Ram Kumar, Akhilesh Singhania, Andrew Castner, and Mani B. Srivastava
Many embedded systems contain resource constrained microcontrollers where applications, operating system components and device drivers reside within a single address space with no form of memory protection. Programming errors in one application can easily corrupt the state of the operating system and other applications on the microcontroller. In this talk we propose a system that provides memory protection in tiny embedded processors (8, 16 and 32-bit microcontrollers with limited resources). Our system consists of a software run-time working with minimal low-cost architectural extensions to the processor core that prevents corruption of state by buggy applications.

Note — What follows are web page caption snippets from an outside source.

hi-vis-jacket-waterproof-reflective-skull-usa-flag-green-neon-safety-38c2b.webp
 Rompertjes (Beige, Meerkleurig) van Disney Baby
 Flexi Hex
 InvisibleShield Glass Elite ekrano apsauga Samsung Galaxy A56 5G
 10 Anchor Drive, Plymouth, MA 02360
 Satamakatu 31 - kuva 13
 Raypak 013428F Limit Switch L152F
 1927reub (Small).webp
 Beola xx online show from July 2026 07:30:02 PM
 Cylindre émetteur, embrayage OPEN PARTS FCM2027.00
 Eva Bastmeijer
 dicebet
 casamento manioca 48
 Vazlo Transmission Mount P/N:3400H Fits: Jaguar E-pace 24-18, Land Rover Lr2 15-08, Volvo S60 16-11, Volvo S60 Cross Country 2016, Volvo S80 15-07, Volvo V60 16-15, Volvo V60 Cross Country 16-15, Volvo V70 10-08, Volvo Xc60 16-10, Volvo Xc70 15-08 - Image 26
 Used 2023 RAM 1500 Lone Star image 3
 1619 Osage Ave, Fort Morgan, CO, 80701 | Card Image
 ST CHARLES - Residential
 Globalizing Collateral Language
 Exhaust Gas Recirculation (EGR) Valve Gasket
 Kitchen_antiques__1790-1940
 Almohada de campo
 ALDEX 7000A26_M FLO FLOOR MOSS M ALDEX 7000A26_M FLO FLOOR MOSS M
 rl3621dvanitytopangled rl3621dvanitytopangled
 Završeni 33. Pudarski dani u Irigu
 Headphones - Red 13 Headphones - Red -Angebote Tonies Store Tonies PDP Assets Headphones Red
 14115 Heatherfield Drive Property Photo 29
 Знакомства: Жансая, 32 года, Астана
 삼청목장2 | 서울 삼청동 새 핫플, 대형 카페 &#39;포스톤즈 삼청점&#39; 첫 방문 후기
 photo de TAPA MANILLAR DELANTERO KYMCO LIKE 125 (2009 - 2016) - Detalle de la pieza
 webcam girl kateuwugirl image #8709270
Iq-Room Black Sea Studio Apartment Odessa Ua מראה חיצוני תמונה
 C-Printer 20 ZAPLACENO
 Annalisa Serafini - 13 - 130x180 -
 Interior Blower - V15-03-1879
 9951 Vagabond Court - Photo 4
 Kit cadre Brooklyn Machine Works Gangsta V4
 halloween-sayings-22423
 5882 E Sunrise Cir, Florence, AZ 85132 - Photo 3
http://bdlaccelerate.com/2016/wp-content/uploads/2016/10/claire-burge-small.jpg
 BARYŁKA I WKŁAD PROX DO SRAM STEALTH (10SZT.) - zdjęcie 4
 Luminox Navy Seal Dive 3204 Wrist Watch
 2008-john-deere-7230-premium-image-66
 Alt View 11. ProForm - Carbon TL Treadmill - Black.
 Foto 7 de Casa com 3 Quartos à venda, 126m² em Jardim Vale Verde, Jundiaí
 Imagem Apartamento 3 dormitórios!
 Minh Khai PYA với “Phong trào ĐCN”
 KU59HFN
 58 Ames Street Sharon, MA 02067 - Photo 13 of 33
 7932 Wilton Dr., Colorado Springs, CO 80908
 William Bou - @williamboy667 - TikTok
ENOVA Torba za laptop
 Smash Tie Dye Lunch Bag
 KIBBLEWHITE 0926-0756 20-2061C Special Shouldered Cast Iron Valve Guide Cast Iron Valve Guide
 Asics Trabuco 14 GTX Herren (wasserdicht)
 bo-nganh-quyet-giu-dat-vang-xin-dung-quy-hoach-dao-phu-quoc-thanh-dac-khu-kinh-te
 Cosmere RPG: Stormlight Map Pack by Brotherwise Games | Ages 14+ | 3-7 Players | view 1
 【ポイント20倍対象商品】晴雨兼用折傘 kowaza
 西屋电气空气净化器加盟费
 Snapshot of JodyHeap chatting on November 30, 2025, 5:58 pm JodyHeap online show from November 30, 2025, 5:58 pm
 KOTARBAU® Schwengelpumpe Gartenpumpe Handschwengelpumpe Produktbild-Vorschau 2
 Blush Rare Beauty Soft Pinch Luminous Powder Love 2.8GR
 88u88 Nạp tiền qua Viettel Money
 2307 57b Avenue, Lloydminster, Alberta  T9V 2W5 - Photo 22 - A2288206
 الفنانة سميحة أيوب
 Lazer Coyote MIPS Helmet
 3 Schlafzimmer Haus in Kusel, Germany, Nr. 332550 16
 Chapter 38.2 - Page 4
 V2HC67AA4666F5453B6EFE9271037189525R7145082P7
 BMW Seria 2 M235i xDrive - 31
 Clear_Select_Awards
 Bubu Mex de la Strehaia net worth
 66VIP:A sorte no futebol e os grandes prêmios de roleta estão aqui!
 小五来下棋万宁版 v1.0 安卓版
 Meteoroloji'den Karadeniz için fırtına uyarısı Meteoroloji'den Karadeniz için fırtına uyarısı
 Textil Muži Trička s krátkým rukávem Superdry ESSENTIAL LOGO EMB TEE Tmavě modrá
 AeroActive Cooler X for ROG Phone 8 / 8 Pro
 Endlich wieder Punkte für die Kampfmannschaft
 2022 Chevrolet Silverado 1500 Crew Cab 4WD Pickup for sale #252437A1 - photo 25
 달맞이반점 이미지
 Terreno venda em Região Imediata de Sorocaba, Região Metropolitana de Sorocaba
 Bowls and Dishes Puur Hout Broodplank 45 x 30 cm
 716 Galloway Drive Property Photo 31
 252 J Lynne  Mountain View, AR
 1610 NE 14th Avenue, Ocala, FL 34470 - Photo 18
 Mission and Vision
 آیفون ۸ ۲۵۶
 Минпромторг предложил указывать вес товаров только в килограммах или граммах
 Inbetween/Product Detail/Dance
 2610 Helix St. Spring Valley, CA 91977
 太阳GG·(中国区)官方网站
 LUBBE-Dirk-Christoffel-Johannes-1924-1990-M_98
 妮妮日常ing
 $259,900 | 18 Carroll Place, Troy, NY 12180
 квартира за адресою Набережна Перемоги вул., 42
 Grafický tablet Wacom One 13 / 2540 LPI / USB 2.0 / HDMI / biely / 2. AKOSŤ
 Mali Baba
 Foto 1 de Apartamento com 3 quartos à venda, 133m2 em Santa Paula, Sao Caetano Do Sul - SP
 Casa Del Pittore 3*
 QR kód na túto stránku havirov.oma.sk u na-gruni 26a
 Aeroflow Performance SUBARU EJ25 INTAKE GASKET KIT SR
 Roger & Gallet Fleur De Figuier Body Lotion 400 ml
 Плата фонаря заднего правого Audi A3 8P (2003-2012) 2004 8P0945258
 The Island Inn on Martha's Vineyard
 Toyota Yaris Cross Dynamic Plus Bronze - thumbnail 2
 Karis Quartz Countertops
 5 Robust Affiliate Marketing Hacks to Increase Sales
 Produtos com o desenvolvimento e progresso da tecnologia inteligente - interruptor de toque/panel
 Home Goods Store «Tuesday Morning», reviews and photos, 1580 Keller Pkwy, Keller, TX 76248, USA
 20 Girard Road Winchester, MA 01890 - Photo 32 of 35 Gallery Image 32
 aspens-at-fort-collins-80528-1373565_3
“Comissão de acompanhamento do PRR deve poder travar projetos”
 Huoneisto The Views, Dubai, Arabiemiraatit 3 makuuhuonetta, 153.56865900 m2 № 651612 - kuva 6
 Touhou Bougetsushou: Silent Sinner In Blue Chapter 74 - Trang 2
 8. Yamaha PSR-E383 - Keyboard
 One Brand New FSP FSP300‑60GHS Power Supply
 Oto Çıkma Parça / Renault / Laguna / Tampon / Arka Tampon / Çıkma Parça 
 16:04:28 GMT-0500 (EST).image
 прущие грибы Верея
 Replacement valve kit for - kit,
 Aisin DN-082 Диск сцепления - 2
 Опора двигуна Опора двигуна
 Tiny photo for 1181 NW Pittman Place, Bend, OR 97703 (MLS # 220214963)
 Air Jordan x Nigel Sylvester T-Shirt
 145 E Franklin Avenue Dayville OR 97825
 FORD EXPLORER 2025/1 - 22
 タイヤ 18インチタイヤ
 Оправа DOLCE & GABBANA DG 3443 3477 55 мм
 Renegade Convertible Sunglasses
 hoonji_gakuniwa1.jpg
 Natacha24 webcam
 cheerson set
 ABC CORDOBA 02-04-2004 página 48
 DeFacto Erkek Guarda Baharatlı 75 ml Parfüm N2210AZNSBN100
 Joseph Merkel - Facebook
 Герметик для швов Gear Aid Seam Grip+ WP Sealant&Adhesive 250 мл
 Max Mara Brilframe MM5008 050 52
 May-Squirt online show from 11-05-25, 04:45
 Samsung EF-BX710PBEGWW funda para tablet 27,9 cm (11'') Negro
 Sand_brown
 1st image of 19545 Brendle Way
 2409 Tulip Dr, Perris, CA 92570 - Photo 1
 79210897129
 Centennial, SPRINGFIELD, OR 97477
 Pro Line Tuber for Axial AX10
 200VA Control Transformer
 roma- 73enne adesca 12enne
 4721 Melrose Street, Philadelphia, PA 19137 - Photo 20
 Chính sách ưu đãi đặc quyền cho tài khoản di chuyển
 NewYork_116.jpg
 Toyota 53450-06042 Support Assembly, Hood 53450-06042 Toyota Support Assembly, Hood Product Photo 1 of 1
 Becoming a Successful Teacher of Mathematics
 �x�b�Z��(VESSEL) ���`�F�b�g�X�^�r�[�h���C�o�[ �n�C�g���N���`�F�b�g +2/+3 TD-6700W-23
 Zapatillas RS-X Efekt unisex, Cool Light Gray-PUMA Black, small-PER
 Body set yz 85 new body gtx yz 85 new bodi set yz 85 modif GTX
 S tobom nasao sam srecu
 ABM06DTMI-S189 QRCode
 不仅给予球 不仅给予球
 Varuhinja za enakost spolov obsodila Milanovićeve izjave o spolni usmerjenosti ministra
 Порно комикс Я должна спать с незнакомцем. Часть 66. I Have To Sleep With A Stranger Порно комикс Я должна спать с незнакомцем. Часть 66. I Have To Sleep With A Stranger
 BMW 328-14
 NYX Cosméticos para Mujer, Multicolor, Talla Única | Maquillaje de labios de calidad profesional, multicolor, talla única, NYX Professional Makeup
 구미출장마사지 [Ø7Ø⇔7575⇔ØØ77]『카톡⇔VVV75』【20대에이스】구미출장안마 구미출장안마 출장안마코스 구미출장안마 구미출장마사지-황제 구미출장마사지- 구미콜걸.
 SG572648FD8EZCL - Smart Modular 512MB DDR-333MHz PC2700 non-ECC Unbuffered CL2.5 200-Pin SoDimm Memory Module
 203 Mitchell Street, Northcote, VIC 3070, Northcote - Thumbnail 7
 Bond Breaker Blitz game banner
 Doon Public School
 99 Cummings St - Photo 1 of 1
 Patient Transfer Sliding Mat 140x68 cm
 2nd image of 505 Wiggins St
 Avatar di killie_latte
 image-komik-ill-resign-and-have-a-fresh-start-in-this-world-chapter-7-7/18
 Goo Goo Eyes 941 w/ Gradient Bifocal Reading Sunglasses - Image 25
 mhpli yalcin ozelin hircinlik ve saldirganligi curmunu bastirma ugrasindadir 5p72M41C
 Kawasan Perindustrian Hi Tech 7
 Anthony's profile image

     We restrict memory accesses and control flow of applications to protection domains within the address space. The software run-time consists of a Memory map: a flexible and efficient data structure that records ownership and layout information of the entire address space. Memory map checks are done for store instructions by hardware accelerators that significantly improve the performance of our system. We preserve control flow integrity by maintaining a Safe stack that stores return addresses in a protected memory region. Domain switches within a single address space is done with the help of a cross domain linker tool that generates a software jump table.
Enhancements to the microcontroller call and return instructions use the jump table to track the current active domain. We have implemented our scheme on a VHDL model of ATMEGA103 microcontroller. Our evaluations show that embedded applications can enjoy the benefits of memory protection through modest increase in cost and area of the microcontroller.
    
CES Session 4B
A New Energy-Aware Embedded Platform for Networked Sensing
Dustin McIntire and Willliam J. Kaiser
A broad range of embedded networked sensor (ENS) systems for critical environmental monitoring applications now require complex, high peak power dissipating sensor devices, as well as on demand high performance computing and high bandwidth communication. Embedded computing demands for these new platforms include support for computationally intensive image and signal processing as well as optimization and statistical computing. To meet these new requirements while maintaining critical support for low energy operation, a new multiprocessor node hardware and software architecture, Low Power Energy Aware Processing (LEAP), has been developed. The LEAP architecture integrates fine-grained, high time resolution, energy dissipation monitoring and power control scheduling for all subsystems including multiple processors, memory, storage, network interface, and sensor systems.
CES Session 4C
Software Radio Implementation of Short-range Wireless Standards  for Sensor Networking
Thomas Schmid and Mani B. Srivastava
Software Defined Radios can provide significant benefits as backend gateways or base stations for sensor networks, which do not face the stringent resource constraints of in-network nodes. We extended GNU Radio with two physical layer implementations of IEEE 802.15.4 and an FSK modulation, and use the Universal Software Radio Peripheral (USRP) to interoperate with the Chipcon CC1000 and CC2420 radios found on the popular Mica2, MicaZ and Telos B motes. The wideband nature of the USRP makes it feasible for a single SDR base station to simultaneously communicate on multiple independent channels, and provide network bridging across incompatible radio standards.
     Cognitive Radios and Software Defined Radios are part of a bigger class of cognitive systems, where also sensors belong to. In this talk I will briefly talk about possibilities of using GNU Radio not only for SDR systems, but also for data processing in sensor networks where it can act as a signal processing tool box.